Data segment.
────

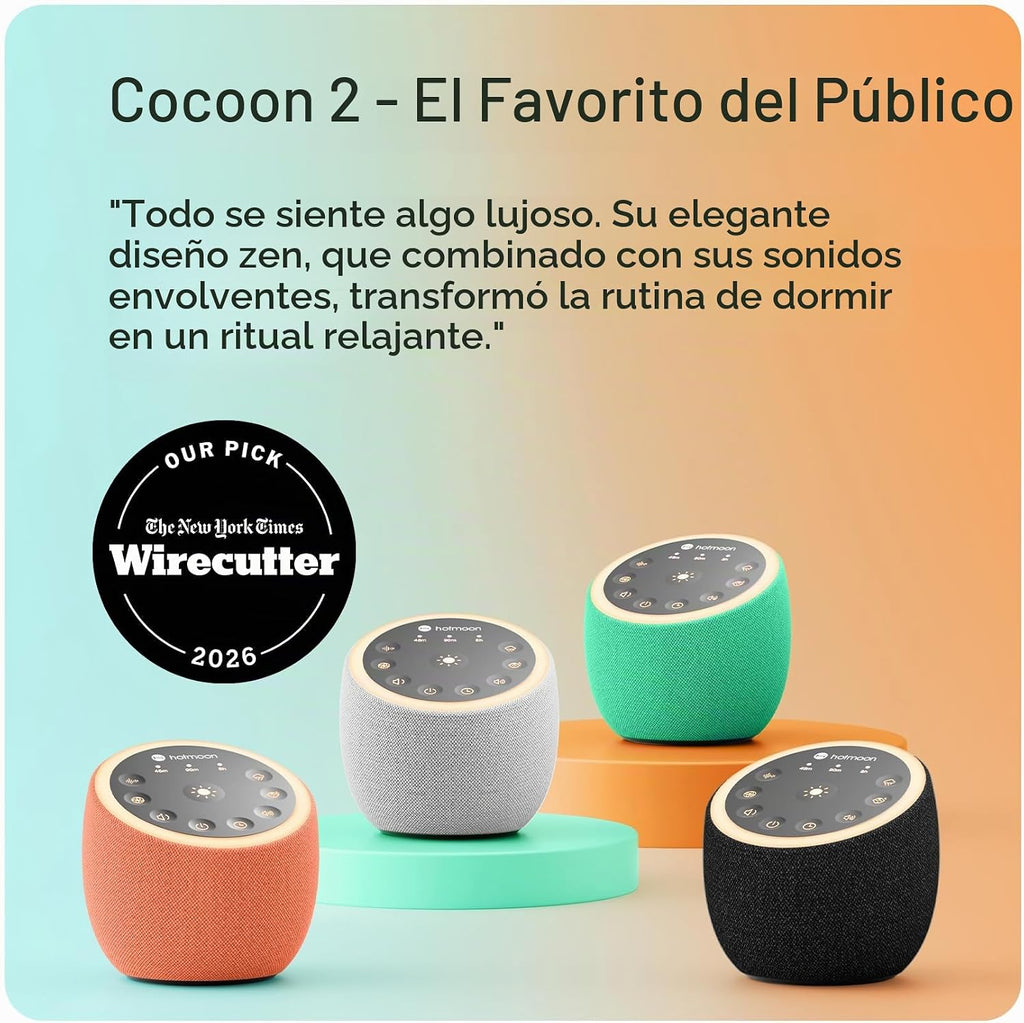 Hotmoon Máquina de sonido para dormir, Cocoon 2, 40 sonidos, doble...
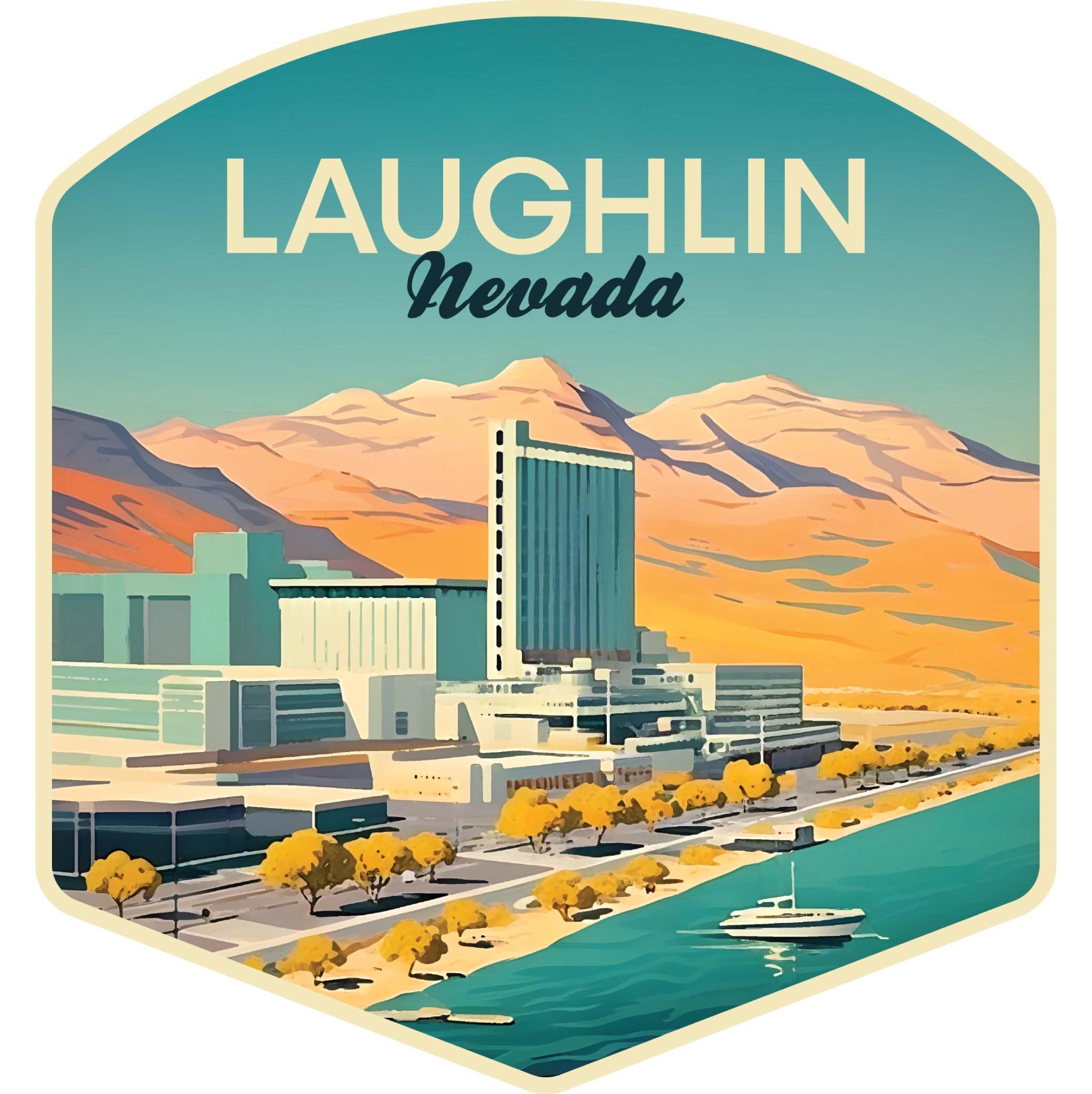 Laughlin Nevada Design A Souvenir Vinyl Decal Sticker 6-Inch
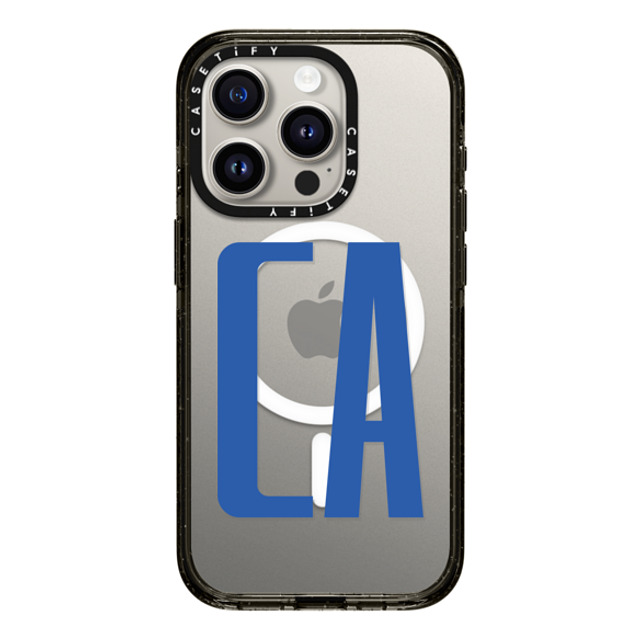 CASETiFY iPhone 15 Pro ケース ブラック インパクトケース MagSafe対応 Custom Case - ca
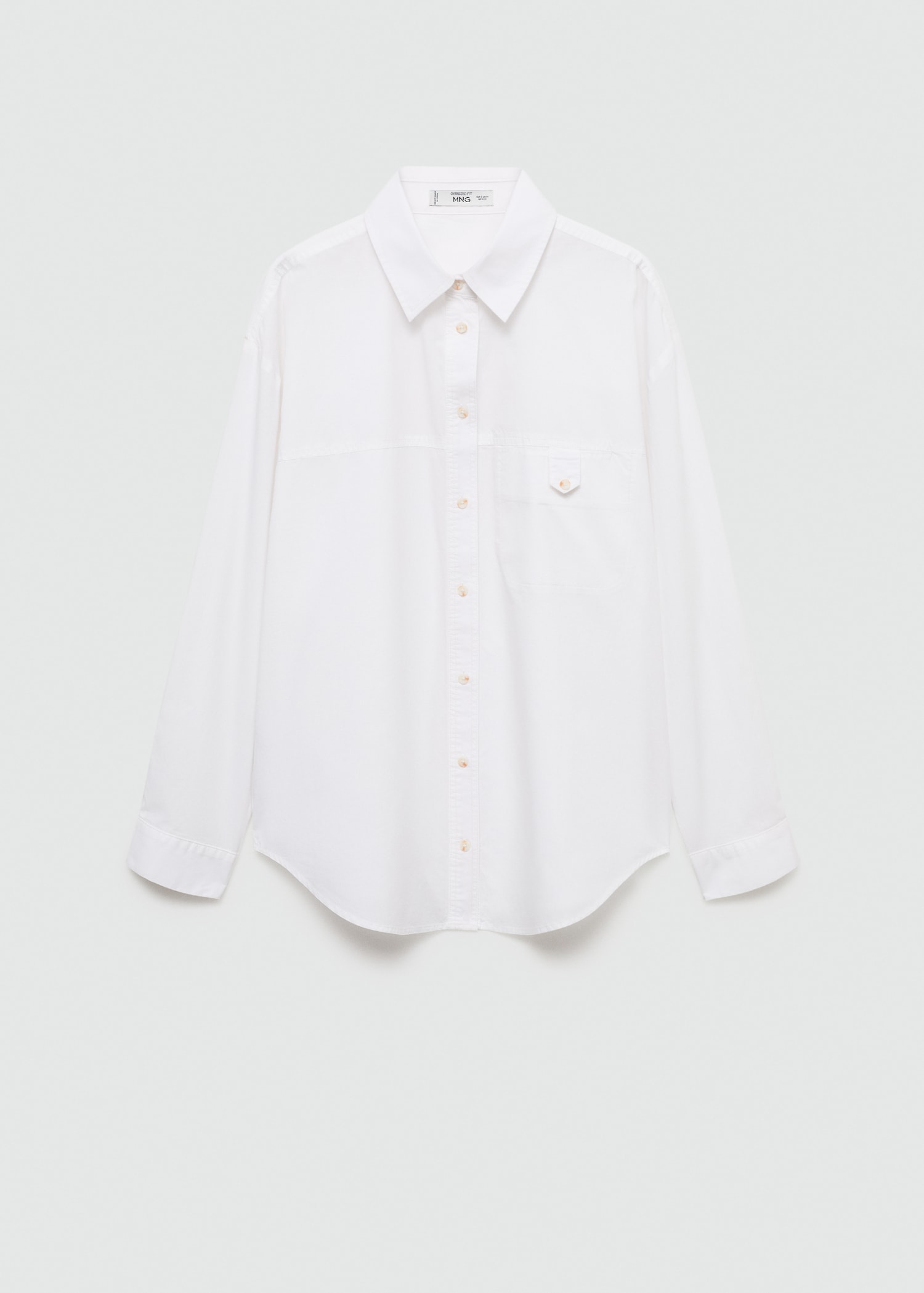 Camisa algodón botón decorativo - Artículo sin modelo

────

Instructions for the task. Where a picture appears in the data, omit it; restate the rest word for word.

Response for this exercise.
 Hotmoon Máquina de sonido para dormir, Cocoon 2, 40 sonidos, doble...
 Laughlin Nevada Design A Souvenir Vinyl Decal Sticker 6-Inch
 CASETiFY iPhone 15 Pro ケース ブラック インパクトケース MagSafe対応 Custom Case - ca
 Camisa algodón botón decorativo - Artículo sin modelo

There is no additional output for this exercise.